* _Saved entries_:
===

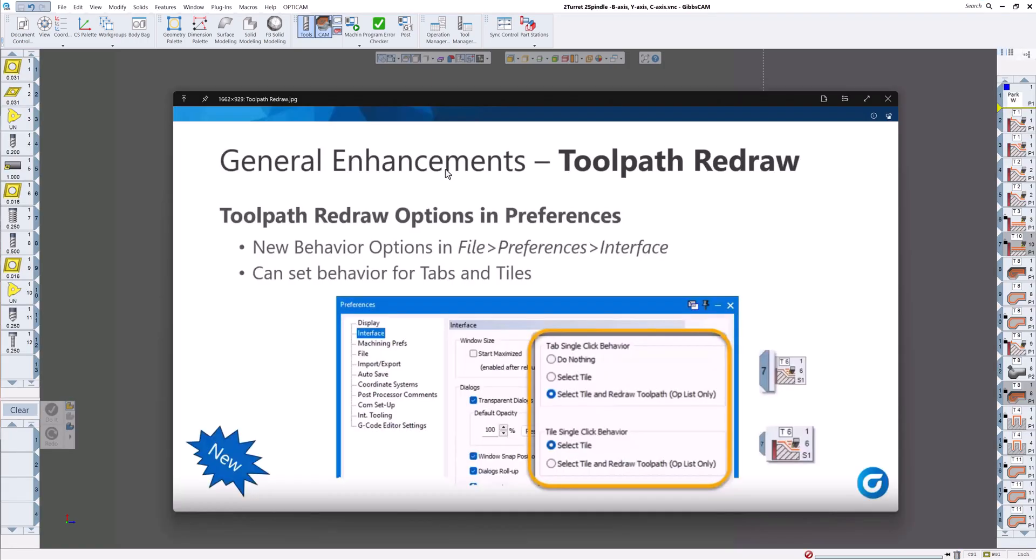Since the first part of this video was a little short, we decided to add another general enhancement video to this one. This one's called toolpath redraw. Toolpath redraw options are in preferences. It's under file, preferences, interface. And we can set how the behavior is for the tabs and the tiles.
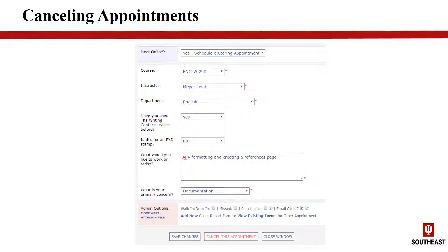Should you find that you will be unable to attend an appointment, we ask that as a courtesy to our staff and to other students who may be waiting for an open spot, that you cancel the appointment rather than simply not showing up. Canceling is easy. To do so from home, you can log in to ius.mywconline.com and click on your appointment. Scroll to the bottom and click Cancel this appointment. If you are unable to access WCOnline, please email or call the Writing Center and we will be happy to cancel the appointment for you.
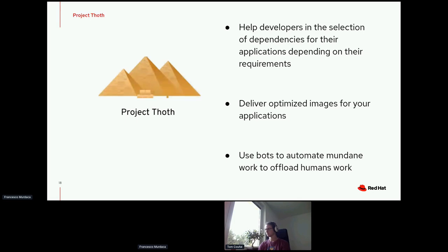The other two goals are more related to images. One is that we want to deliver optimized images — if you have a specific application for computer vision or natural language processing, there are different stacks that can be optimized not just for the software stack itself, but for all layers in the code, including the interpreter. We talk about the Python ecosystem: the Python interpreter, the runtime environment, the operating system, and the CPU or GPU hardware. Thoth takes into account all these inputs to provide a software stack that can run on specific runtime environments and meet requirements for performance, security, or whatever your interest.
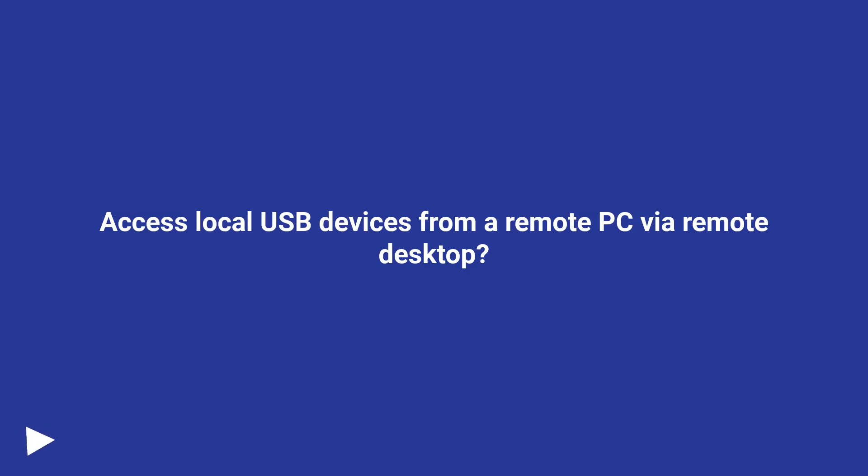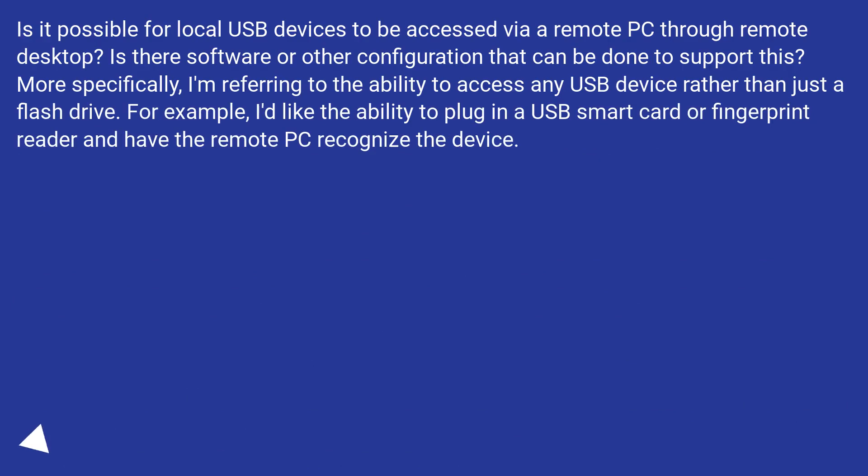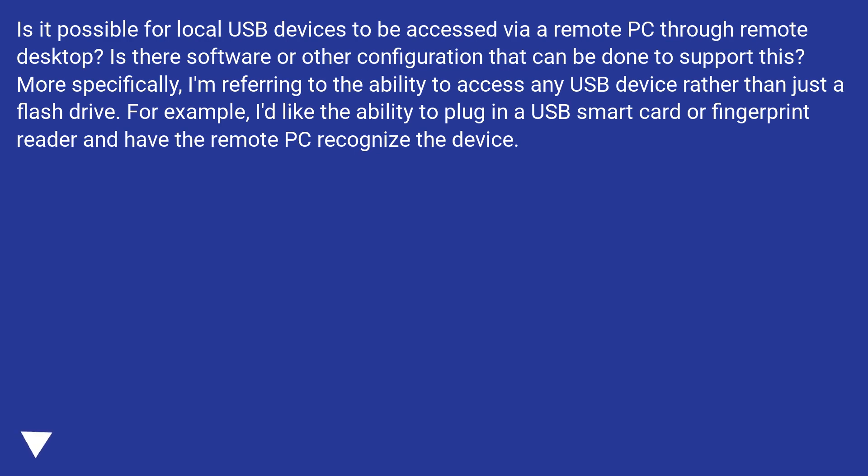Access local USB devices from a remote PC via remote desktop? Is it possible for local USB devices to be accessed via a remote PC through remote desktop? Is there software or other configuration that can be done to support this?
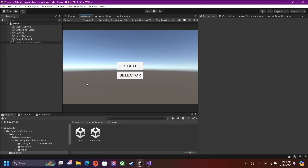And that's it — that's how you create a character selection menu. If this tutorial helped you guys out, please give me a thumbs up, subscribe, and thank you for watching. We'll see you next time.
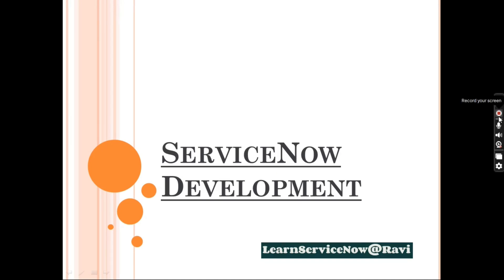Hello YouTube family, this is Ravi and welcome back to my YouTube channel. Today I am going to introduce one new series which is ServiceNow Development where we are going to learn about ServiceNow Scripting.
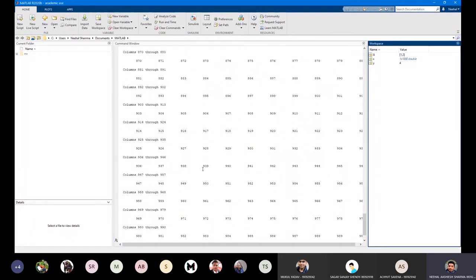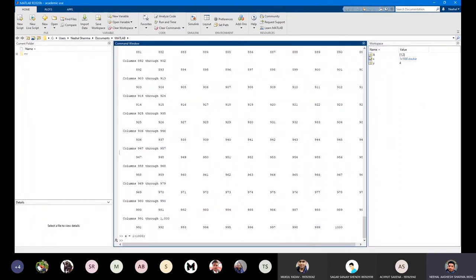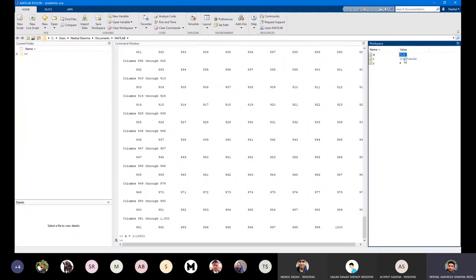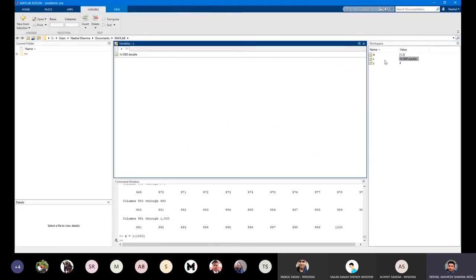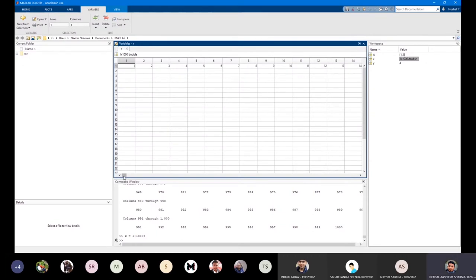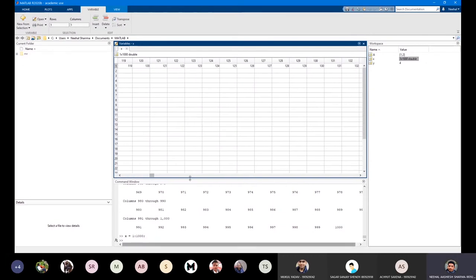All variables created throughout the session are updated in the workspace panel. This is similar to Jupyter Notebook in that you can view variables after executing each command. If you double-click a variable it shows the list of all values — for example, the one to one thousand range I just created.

===

* _EXERCISE OBJECTIVE_: What is needed is a word-for-word copy of the data above, free of any images.

* _ANSWER TO THE EXERCISE_:
Since the first part of this video was a little short, we decided to add another general enhancement video to this one. This one's called toolpath redraw. Toolpath redraw options are in preferences. It's under file, preferences, interface. And we can set how the behavior is for the tabs and the tiles.
Should you find that you will be unable to attend an appointment, we ask that as a courtesy to our staff and to other students who may be waiting for an open spot, that you cancel the appointment rather than simply not showing up. Canceling is easy. To do so from home, you can log in to ius.mywconline.com and click on your appointment. Scroll to the bottom and click Cancel this appointment. If you are unable to access WCOnline, please email or call the Writing Center and we will be happy to cancel the appointment for you.
The other two goals are more related to images. One is that we want to deliver optimized images — if you have a specific application for computer vision or natural language processing, there are different stacks that can be optimized not just for the software stack itself, but for all layers in the code, including the interpreter. We talk about the Python ecosystem: the Python interpreter, the runtime environment, the operating system, and the CPU or GPU hardware. Thoth takes into account all these inputs to provide a software stack that can run on specific runtime environments and meet requirements for performance, security, or whatever your interest.
Access local USB devices from a remote PC via remote desktop? Is it possible for local USB devices to be accessed via a remote PC through remote desktop? Is there software or other configuration that can be done to support this?
And that's it — that's how you create a character selection menu. If this tutorial helped you guys out, please give me a thumbs up, subscribe, and thank you for watching. We'll see you next time.
Hello YouTube family, this is Ravi and welcome back to my YouTube channel. Today I am going to introduce one new series which is ServiceNow Development where we are going to learn about ServiceNow Scripting.
All variables created throughout the session are updated in the workspace panel. This is similar to Jupyter Notebook in that you can view variables after executing each command. If you double-click a variable it shows the list of all values — for example, the one to one thousand range I just created.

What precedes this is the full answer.